The title of the Advertising Week panel discussion, hosted by my business partner Kate Waters, was ‘We Are All Equal’. Realistic? Optimistic? Deluded?
Well… 100 years on from women first getting the vote in the UK, we have made pitiful progress. Only 32% of women are MPs, the average gender pay gap is 18.4%, two thirds of women experience sexual harassment and the most powerful man in the world has been repeatedly accused of sexual assault. In our own industry, men occupy close to 70% of C Suite roles, there are pay gaps of up to 45% in some creative agencies, and last week we read about the now notorious top 5 email (it’s just ‘a bit of fun’ my arse).
On the panel was a brilliant group of equality and diversity champions – BT’s Zaid Al-Qassab, Campaign’s Nicola Kemp, Thinkbox’s Tess Alps, Independent Film’s Liz Unna, and the leader of the Women’s Equality Party, Sophie Walker. And whilst it wasn’t (thankfully) an echo chamber of agreement, some key themes emerged:
Agencies need to get their own houses in order
Nicky kicked off the debate as we hoped it would continue. By swearing. “Agencies running campaigns encouraging us to ‘F*ck the pay gap’ when they’ve got a f*cking massive pay gap is obviously a problem.” Well, quite. I’ve had debates in the past about recognition on merit, but when merit is in the eye of the merit-giver, and when the merit-giver is more often than not a man, then we need to find a way to get beyond the more basic human instinct to hire (and more importantly, promote) in your own image.
Men HAVE to be part of the solution
Tess talked about equal parental responsibilities as “a fundamental building block”. This is a huge cultural issue that we need to confront, because it’s currently an exception for men to be offered (and to feel comfortable taking) paid parental leave. Why is it the mum who has to ‘find a way’ to be at the school gates at 3pm, or arrive late in the morning because of a school play? So many blokes actually want to be there to experience these things too. So, let’s change the narrative. Men care and can do the care as well.

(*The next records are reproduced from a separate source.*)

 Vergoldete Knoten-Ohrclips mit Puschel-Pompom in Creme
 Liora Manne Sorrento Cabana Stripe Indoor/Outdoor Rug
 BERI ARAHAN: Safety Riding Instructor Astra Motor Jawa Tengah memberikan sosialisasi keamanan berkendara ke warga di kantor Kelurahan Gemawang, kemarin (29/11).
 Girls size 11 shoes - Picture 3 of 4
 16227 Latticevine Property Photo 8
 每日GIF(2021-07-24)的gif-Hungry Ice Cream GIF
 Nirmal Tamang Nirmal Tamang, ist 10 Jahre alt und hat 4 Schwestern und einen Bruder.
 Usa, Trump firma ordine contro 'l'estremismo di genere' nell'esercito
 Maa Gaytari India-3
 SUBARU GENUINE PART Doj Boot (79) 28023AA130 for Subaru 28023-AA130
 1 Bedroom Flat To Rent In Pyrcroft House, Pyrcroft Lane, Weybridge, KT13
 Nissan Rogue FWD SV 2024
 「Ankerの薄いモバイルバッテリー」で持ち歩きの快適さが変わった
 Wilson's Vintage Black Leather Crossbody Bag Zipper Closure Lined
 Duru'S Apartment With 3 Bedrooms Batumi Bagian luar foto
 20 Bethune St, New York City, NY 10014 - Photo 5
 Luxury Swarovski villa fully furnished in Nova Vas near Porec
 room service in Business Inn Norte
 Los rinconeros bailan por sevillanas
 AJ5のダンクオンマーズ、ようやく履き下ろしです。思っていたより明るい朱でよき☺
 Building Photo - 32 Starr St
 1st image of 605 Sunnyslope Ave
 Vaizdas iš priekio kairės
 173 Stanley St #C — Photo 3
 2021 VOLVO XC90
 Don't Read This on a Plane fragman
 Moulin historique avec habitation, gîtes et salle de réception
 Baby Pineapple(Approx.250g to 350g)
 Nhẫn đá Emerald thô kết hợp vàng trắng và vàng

It’s the industry’s responsibility to tell new stories
It is certainly true that advertising creates stereotypes. The car brands that only show a man driving it, the watch adverts portraying men handing down their watches to future generations of male offspring. Whilst the woman is doing the washing and washing up. These aren’t universal, but they are persistent. The Geena Davis institute reported last year that women only accounted for about a third of all characters in commercials, and even when women were in ads, they were on screen for only 20% of the time. Despite being responsible for somewhere between 70-80% of purchase decisions. So, how about this? Next time you see a script that starts with ‘we see a man…’, how about changing it to a woman?
Follow the money
According to a study carried out by Slated last year and reinforced with some recent BBC crunching of IMDb data, films with female writers, producers and stars showed fantastic commercial returns, consistently outperforming male-driven projects in the same categories. We no longer must worry about apologetic hand-wringing pleas to get more women in all aspects of production, because there’s the lure of cold hard cash to melt even the most defiantly misogynistic of men.
Language, or perhaps ‘framing’ is one of the biggest challenges
It’s amazing when something so blindingly obvious is put in front of you, and you can’t quite believe that you’d never noticed it before. Take how the government talks about spend for example: childcare and social care are considered ‘costs’, whereas infrastructure is an ‘investment’. The language is binary. Yet if you treat social care and childcare as an ‘investment’ you will unlock productivity and create many more jobs. This is one example of thousands where we are schooled in how to judge something. But that judgement is just downright wrong.
If you don’t know what sexual harassment is, you’re an idiot
I’m going to finish with probably my favourite quote of the day from Sophie: “It’s very clear that men know what sexual harassment is, because they never sexually harass someone who can fire them.” So, for those out there worrying about it – if you wouldn’t do it to your boss, and if you wouldn’t like someone doing it to your daughter, it’s simple: JUST DON’T DO IT.